Textile millers in Bangladesh have urged the government to withdraw the 2 percent advance income tax (AIT) on cotton imports within a week, warning that failure to do so could force many factories to shut down.
At a press conference organised by the Bangladesh Textile Mills Association (BTMA) in Dhaka, industry leaders said the tax was imposed without prior consultation and would severely damage the sector’s competitiveness.
BTMA President Showkat Aziz Russell said, “The government’s income will fall if the industry cannot sustain itself. This 2 percent tax will have a massive business impact.”
Industry leaders highlighted that the primary textile sector, with an investment of $23 billion, is already under pressure from several factors, including high gas prices, rising bank interest rates, low gas pressure, and the devaluation of the taka.
Hossain Mehmood, chairman of the Bangladesh Terry Towel and Linen Manufacturers and Exporters Association, said the AIT would increase business costs by up to 8 percent, squeezing already thin profit margins.

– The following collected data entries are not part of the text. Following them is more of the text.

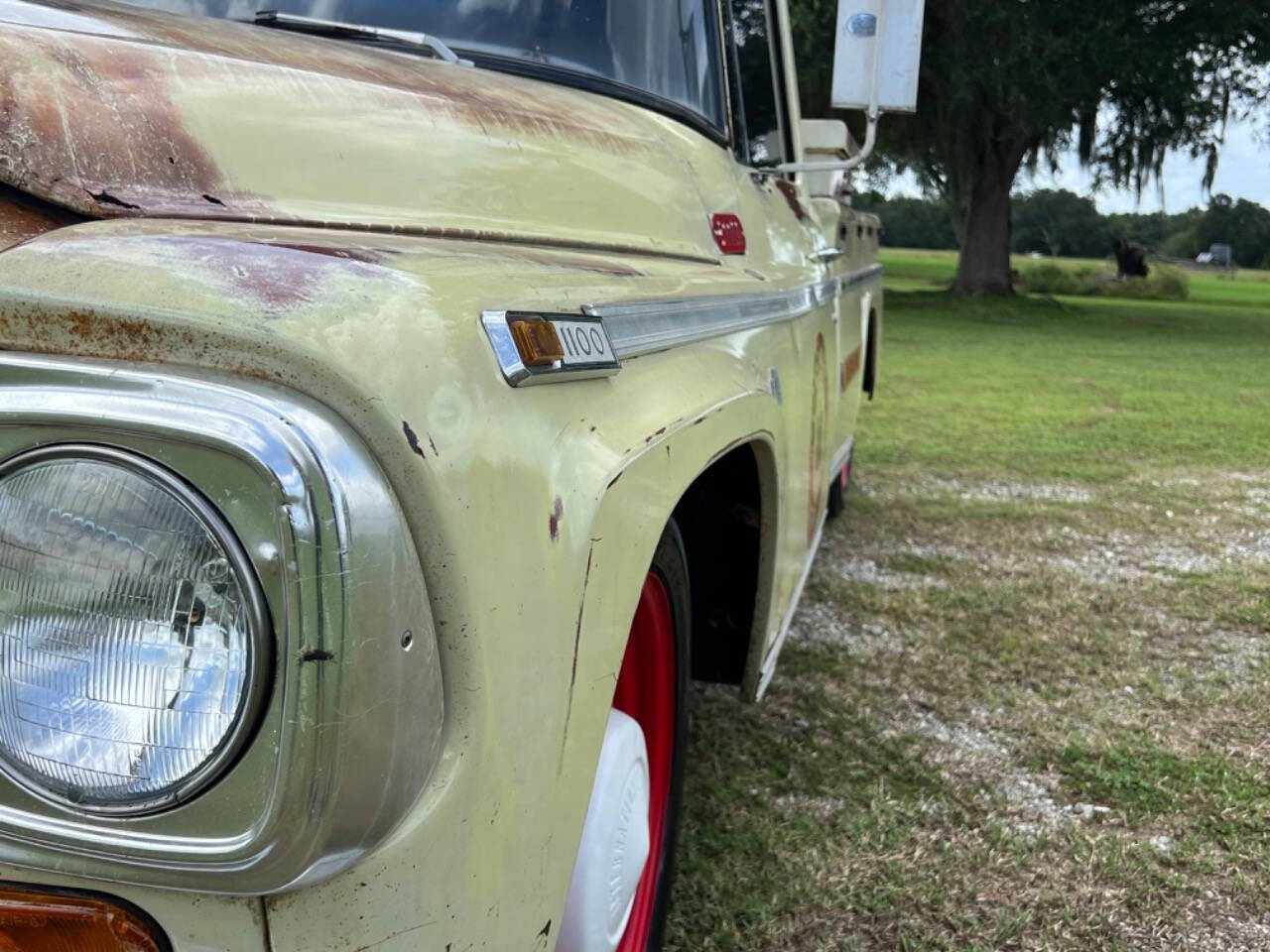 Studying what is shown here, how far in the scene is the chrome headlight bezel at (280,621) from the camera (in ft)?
2.62

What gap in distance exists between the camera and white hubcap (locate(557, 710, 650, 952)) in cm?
131

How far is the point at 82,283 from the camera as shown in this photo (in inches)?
34.4

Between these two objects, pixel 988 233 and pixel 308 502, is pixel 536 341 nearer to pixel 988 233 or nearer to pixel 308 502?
pixel 308 502

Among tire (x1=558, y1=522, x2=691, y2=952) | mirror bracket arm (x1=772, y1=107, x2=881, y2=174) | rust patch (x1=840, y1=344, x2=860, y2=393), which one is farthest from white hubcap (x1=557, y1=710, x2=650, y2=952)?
rust patch (x1=840, y1=344, x2=860, y2=393)

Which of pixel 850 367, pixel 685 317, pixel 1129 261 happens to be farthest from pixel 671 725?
pixel 1129 261

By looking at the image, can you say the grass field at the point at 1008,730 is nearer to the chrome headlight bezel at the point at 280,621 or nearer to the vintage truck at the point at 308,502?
the vintage truck at the point at 308,502

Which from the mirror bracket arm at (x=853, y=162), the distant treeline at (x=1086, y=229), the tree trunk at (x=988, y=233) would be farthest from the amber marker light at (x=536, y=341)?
the distant treeline at (x=1086, y=229)

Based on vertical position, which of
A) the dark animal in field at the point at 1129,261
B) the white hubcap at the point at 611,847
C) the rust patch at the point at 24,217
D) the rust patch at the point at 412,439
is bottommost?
the white hubcap at the point at 611,847

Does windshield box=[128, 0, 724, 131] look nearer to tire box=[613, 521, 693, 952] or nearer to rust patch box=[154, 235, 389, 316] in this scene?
tire box=[613, 521, 693, 952]

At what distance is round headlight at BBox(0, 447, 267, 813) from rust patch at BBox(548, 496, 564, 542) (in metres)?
0.29

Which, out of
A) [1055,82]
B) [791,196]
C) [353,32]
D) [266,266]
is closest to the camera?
[266,266]

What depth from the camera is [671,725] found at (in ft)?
5.67

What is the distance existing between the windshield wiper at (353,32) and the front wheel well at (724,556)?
82cm

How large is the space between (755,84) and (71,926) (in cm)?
218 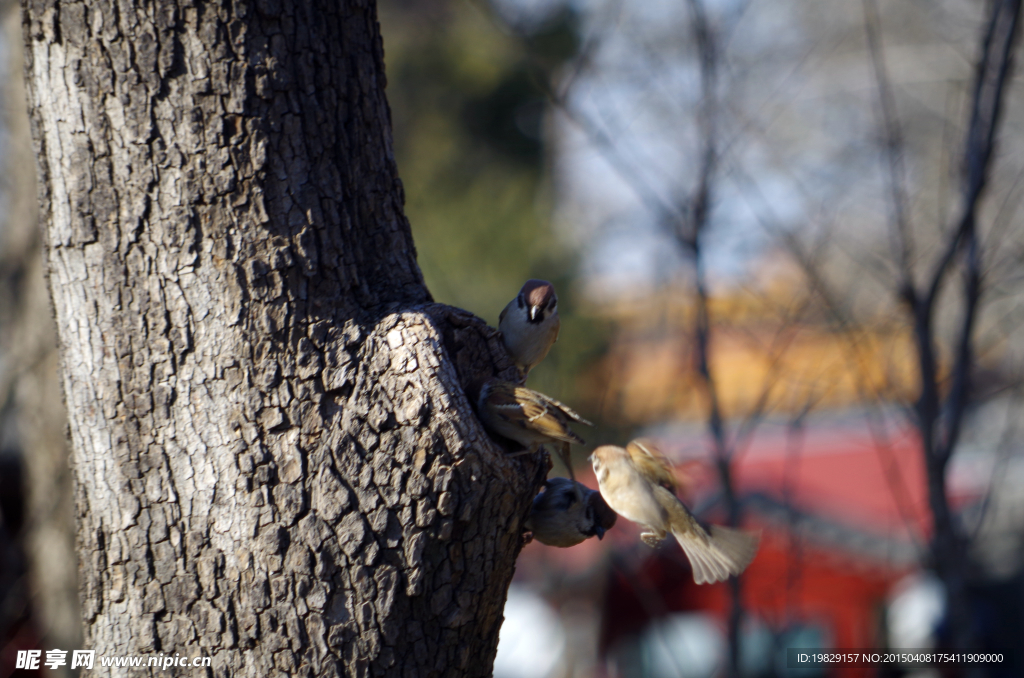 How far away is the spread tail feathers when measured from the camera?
6.52 ft

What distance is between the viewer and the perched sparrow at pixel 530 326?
2387 mm

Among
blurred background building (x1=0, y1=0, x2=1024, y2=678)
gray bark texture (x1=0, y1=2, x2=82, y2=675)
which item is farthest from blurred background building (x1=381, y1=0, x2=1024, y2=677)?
gray bark texture (x1=0, y1=2, x2=82, y2=675)

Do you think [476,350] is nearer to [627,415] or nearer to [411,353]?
[411,353]

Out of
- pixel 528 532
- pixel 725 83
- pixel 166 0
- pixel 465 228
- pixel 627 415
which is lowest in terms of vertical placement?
pixel 528 532

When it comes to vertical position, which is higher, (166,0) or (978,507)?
(166,0)

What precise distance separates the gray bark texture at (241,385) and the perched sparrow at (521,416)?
0.07 m

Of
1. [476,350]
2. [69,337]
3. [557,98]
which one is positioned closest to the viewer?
[69,337]

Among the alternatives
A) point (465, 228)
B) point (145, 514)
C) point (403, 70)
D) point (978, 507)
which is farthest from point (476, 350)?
point (403, 70)

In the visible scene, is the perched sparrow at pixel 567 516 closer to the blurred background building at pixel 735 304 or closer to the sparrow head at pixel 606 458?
the sparrow head at pixel 606 458

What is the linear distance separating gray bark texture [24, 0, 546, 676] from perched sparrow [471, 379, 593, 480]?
66 mm

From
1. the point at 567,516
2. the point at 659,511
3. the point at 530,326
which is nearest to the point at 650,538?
the point at 659,511

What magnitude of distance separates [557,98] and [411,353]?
222 cm

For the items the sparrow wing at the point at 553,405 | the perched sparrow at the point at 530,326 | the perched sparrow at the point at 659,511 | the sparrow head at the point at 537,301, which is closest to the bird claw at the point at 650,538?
the perched sparrow at the point at 659,511

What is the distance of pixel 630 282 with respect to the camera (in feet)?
22.3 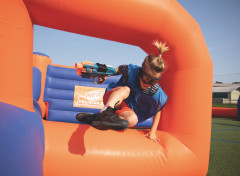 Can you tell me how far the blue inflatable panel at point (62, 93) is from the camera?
290 centimetres

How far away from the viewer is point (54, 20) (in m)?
1.39

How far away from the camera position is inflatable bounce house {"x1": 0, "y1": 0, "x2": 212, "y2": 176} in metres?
1.00

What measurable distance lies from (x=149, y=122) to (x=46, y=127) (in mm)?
2160

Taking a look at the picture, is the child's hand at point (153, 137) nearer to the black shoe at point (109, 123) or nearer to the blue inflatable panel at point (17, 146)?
the black shoe at point (109, 123)

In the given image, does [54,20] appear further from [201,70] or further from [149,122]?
[149,122]

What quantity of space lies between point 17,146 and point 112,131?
2.74ft

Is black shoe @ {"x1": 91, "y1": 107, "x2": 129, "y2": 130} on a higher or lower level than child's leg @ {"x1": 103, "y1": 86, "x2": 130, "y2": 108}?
lower

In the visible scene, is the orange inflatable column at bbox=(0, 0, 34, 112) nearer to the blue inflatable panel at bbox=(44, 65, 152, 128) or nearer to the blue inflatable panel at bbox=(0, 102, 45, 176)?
the blue inflatable panel at bbox=(0, 102, 45, 176)

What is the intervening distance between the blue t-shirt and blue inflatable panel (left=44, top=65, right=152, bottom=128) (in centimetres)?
130

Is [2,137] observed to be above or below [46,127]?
above

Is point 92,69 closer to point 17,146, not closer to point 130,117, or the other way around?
point 130,117

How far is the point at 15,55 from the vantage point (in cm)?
105

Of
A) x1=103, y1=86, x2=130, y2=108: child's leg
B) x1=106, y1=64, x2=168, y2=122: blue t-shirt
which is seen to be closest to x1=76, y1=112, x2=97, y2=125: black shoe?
x1=103, y1=86, x2=130, y2=108: child's leg

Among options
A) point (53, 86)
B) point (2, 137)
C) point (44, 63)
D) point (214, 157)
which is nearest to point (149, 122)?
point (214, 157) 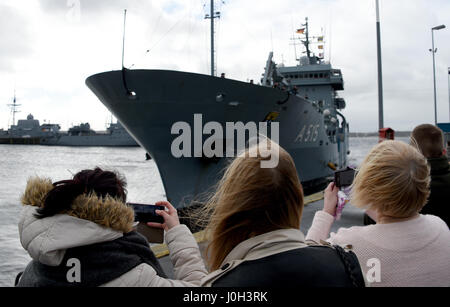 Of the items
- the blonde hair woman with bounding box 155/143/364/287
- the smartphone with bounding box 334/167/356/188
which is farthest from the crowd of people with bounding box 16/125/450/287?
the smartphone with bounding box 334/167/356/188

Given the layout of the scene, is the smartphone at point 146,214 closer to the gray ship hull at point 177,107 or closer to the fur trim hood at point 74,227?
the fur trim hood at point 74,227

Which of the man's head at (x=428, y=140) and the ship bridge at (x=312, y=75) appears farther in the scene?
the ship bridge at (x=312, y=75)

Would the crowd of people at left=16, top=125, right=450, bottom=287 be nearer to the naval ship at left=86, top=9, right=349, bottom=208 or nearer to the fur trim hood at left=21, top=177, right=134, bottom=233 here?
the fur trim hood at left=21, top=177, right=134, bottom=233

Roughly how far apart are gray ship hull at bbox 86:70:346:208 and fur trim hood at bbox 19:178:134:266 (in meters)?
7.11

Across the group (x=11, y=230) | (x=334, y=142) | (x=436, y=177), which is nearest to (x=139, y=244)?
(x=436, y=177)

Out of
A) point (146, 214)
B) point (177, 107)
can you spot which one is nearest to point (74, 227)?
point (146, 214)

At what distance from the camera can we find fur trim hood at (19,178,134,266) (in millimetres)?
1155

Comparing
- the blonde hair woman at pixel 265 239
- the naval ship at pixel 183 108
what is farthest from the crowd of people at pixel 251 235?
the naval ship at pixel 183 108

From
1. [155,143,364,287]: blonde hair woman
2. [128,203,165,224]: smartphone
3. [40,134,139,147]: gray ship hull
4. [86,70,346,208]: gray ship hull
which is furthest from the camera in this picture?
[40,134,139,147]: gray ship hull

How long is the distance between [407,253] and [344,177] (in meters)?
0.49

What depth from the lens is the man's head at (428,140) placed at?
2.13 meters

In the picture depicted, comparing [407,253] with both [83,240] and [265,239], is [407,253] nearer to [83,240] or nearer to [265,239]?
[265,239]

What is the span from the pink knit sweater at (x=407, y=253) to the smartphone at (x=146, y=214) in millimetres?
849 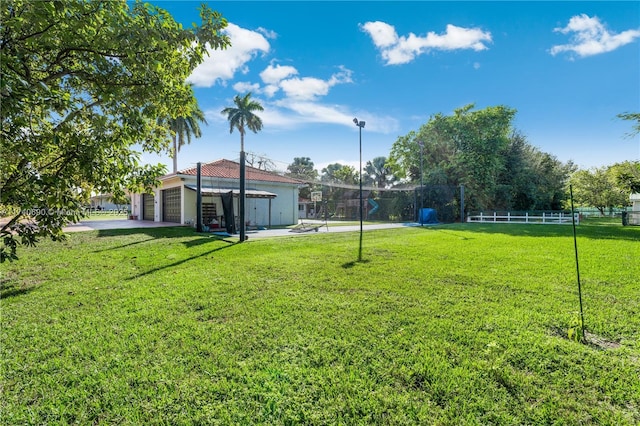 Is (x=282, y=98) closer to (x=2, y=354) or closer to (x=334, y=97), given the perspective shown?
(x=334, y=97)

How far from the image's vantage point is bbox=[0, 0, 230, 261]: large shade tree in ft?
6.31

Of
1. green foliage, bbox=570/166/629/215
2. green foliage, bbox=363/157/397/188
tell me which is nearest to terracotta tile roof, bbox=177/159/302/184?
green foliage, bbox=363/157/397/188

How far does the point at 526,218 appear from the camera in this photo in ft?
72.0

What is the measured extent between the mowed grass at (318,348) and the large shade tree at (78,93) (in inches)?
48.5

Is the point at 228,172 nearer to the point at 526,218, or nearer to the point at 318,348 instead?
the point at 318,348

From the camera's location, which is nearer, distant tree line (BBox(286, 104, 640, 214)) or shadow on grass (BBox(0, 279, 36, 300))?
shadow on grass (BBox(0, 279, 36, 300))

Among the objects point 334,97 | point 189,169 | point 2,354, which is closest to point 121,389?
point 2,354

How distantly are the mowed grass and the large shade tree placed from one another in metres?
1.23

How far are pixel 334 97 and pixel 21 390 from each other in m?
16.4

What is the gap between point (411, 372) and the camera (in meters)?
2.30

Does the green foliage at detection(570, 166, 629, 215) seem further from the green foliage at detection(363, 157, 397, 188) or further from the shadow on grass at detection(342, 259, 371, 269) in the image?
the shadow on grass at detection(342, 259, 371, 269)

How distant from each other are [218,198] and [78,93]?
15.0m

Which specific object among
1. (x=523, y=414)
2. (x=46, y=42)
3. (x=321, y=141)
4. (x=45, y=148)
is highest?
(x=321, y=141)

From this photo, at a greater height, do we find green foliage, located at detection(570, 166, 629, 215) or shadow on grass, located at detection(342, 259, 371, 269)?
green foliage, located at detection(570, 166, 629, 215) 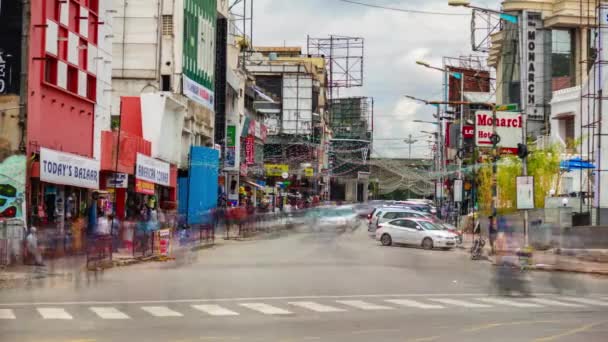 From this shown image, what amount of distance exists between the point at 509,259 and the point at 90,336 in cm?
2580

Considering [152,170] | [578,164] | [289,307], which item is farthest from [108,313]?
[578,164]

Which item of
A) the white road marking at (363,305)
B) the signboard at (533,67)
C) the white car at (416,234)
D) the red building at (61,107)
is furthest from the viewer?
the signboard at (533,67)

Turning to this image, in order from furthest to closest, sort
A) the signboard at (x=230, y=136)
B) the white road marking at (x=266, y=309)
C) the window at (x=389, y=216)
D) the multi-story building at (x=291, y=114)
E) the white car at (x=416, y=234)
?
the multi-story building at (x=291, y=114) → the signboard at (x=230, y=136) → the window at (x=389, y=216) → the white car at (x=416, y=234) → the white road marking at (x=266, y=309)

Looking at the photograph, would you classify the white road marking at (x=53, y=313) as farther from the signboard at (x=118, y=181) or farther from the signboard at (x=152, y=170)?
the signboard at (x=152, y=170)

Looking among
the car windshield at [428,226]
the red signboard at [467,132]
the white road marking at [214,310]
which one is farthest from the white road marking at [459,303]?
the red signboard at [467,132]

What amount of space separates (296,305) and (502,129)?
28.7 meters

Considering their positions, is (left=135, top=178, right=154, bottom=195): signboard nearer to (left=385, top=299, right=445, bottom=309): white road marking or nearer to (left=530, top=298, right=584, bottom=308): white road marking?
(left=385, top=299, right=445, bottom=309): white road marking

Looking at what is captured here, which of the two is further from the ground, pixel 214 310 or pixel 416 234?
pixel 416 234

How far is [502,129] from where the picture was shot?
4694cm

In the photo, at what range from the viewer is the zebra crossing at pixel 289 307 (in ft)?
59.0

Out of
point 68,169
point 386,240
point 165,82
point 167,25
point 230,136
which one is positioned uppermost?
point 167,25

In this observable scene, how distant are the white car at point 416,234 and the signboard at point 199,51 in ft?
61.4

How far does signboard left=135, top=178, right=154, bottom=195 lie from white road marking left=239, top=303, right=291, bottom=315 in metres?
29.1

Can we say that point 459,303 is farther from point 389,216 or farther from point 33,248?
point 389,216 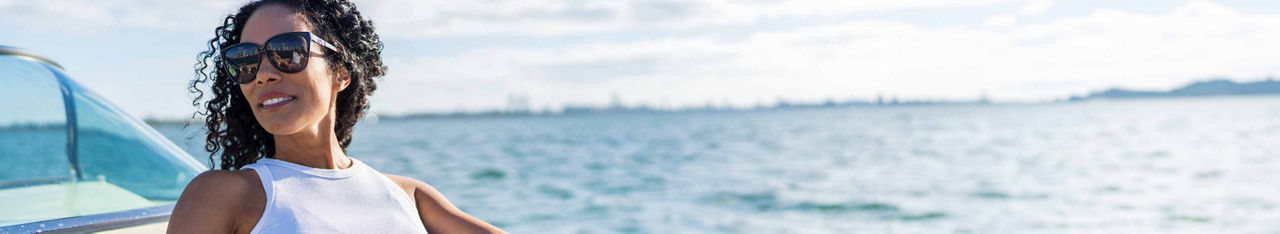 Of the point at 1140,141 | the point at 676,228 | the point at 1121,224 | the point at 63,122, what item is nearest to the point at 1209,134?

Vice-president of the Bangladesh Knitwear Manufacturers and Exporters Association, Amal Podder, criticised the lack of dialogue with stakeholders.
Millers warned that Indian competitors, supported by state incentives, are now supplying yarn at lower prices, forcing Bangladeshi garment makers to shift to Indian imports.
BTMA Vice-president Md Saleudh Zaman Khan said restrictive government policies are putting the sector’s survival at risk.
The millers called on the government to rethink its approach, warning that Bangladesh’s primary textile industry could face an irreversible decline without immediate action.